I turisti, turchi e non, hanno ripreso a farsi vedere nei siti archeologici fuori città e attendono la riapertura del locale e ricco museo dove sono visibili i manufatti ritrovati nell’area. In una città che riprende a vivere è andato in scena il festival di gastronomia. Chef ed esperti di gastronomia provenienti da 25 Paesi hanno partecipato alla 4 giorni di degustazioni e tour agrogastronomici organizzata da Zeyra Medya.  “Puntiamo anche sulla gastronomia per dare impulso al turismo. quest’anno, nonostarnte il sisma, hanno visitato Nemrut in 60 mila”, ha dichiarato uno degli organizzatori, Okkes Koska.

 

Un’occasione per far conoscere alla gastronomia internazionale piatti come le polpette di verdure e carne cruda (cig kofte), il riso con pollo, pomodoro e peperoncino cotto con il the (buhara pilavi), il riso nelle foglie di cavolfiore (sarma), lo sformato di verdure in terracotta (dovmec) e il kebab con la mela (elma kebabi). Un potenziale che si aggiunge alle meraviglie archeologiche della zona, che ha stupito i cuochi e gli esperti arrivati da ogni angolo del mondo.

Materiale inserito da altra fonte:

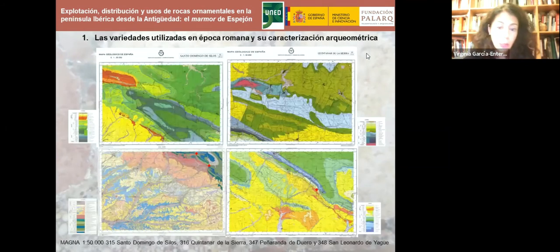Estos son los mapas geológicos de la zona. En rojo están las zonas extractivas de Espejón, otras interesantes sobre todo para época moderna como Espeja de San Marcelino y una zona más alejada en Cantalucia —todas en la provincia de Soria—, pero las últimas investigaciones indican que los materiales de Espeja y Cantalucia no fueron utilizados en época romana, por tanto debemos concentrar nuestro interés en el área extractiva de Espejón.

“È stata la maniera per conoscere un posto nuovo, le sue meraviglie e anche nuovi ingresidenti”, ha detto la cuoca statunitense Amanda Cohen. “Le farine utilizzate hanno caratteristiche uniche, proprieta’ che sono resistite alla selezione industriale e valori nutritivi molto elevati”, il commento della giornalista israeliana Ronit Vered, esperta di gastronomia e farine.

Adiyaman insomma riparte anche da qui. Archeologia e gastronomia rappresentano due buoni motivi per continuare a visitare un’area che ancora sta rammendando le proprie ferite, ma dove la gente ha rialzato la testa con grande dignita’ e ha sempre un pasto pronto da offrire a ospiti e turisti.